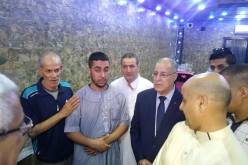 والي أم البواقي يقدم واجب العزاء لعائلة طفلين توفيا حرقا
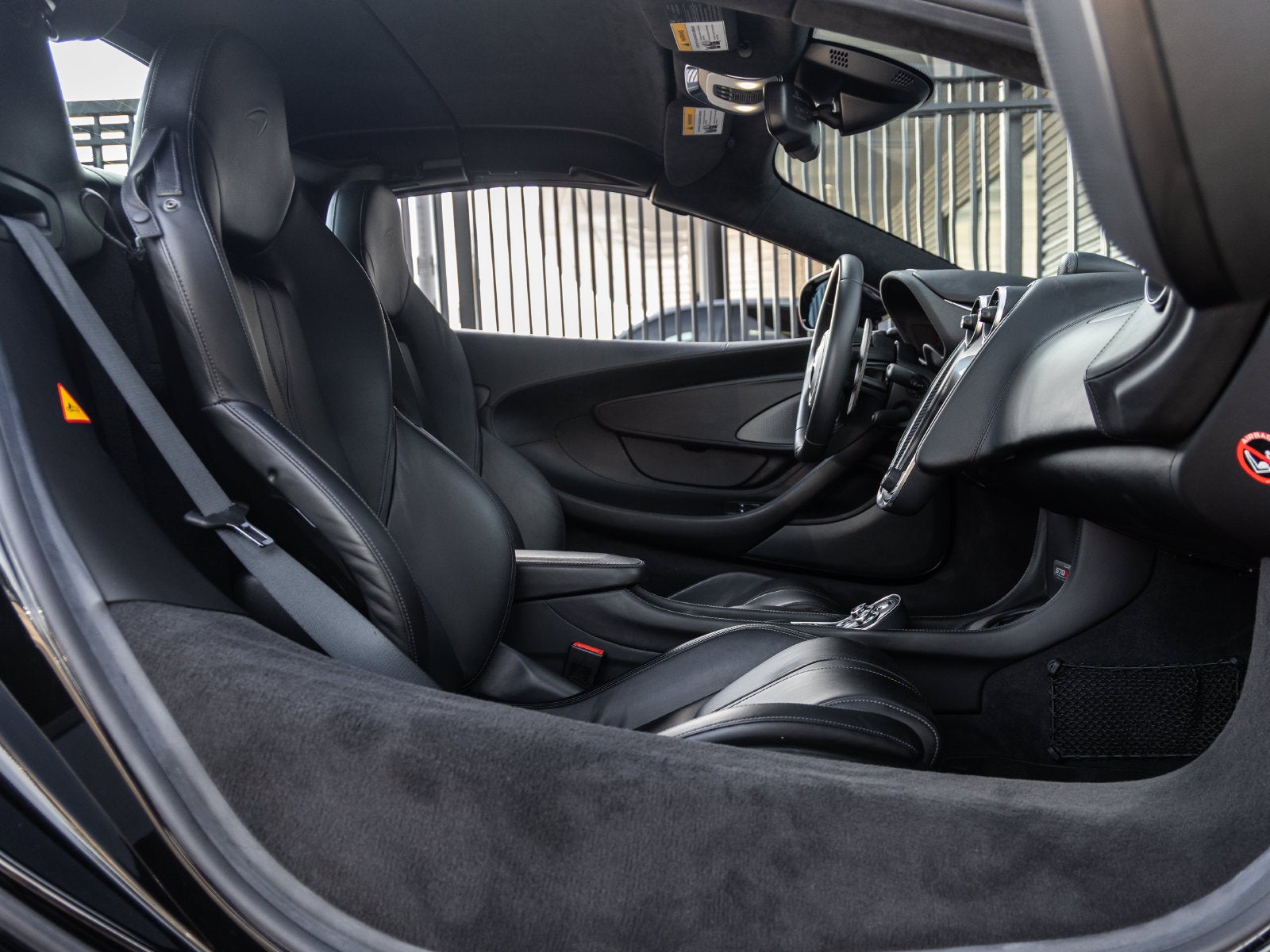 2020 McLaren 570S Base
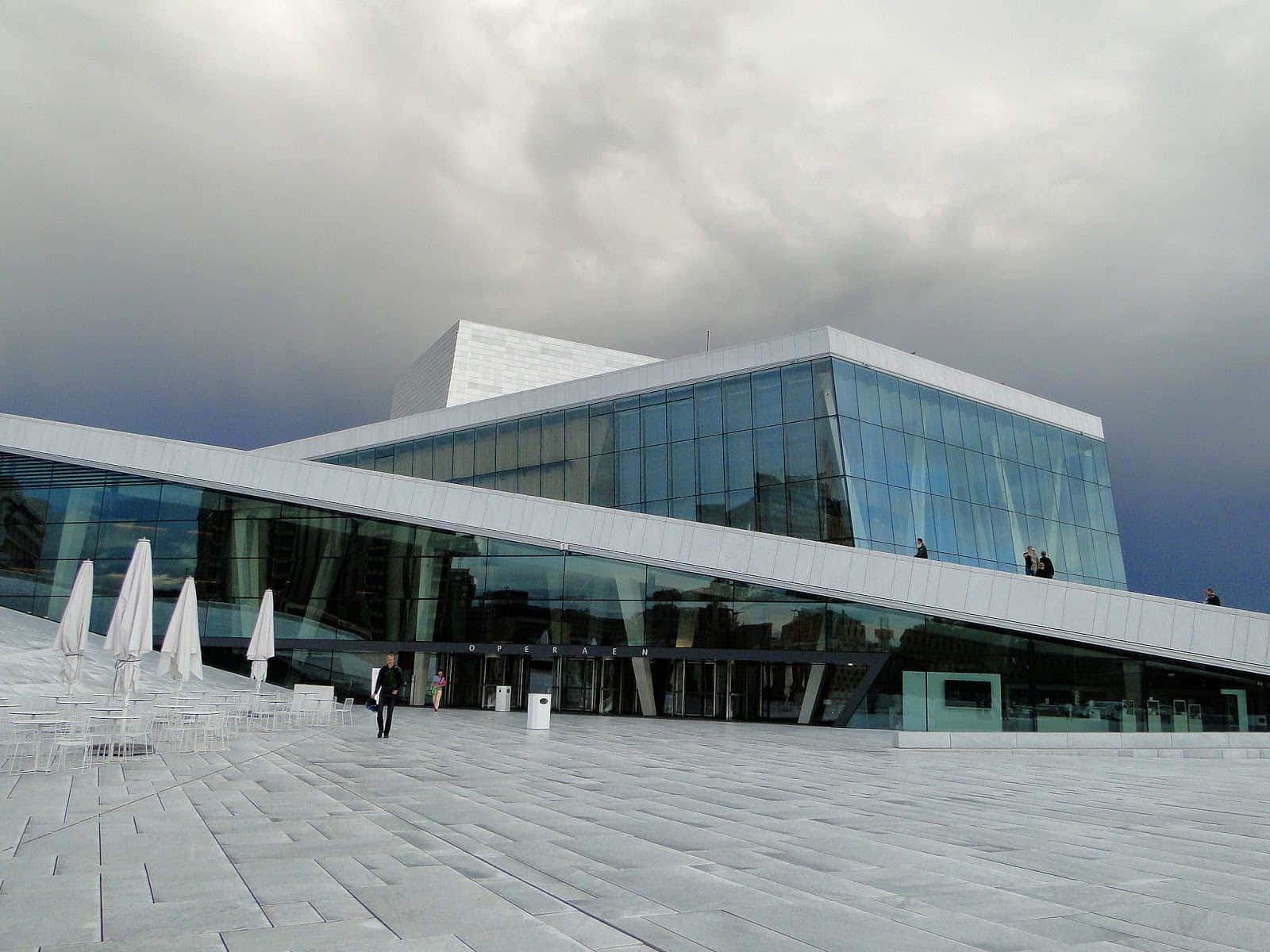 Oslo Opera House, glass and steel, overcast sky, HD Desktop Wallpaper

* * * * * * *

HOW TO COMPLETE THIS TASK. Could the data above be repeated exactly, with every picture dropped?

COMPLETED EXERCISE.
 والي أم البواقي يقدم واجب العزاء لعائلة طفلين توفيا حرقا
 2020 McLaren 570S Base
 Oslo Opera House, glass and steel, overcast sky, HD Desktop Wallpaper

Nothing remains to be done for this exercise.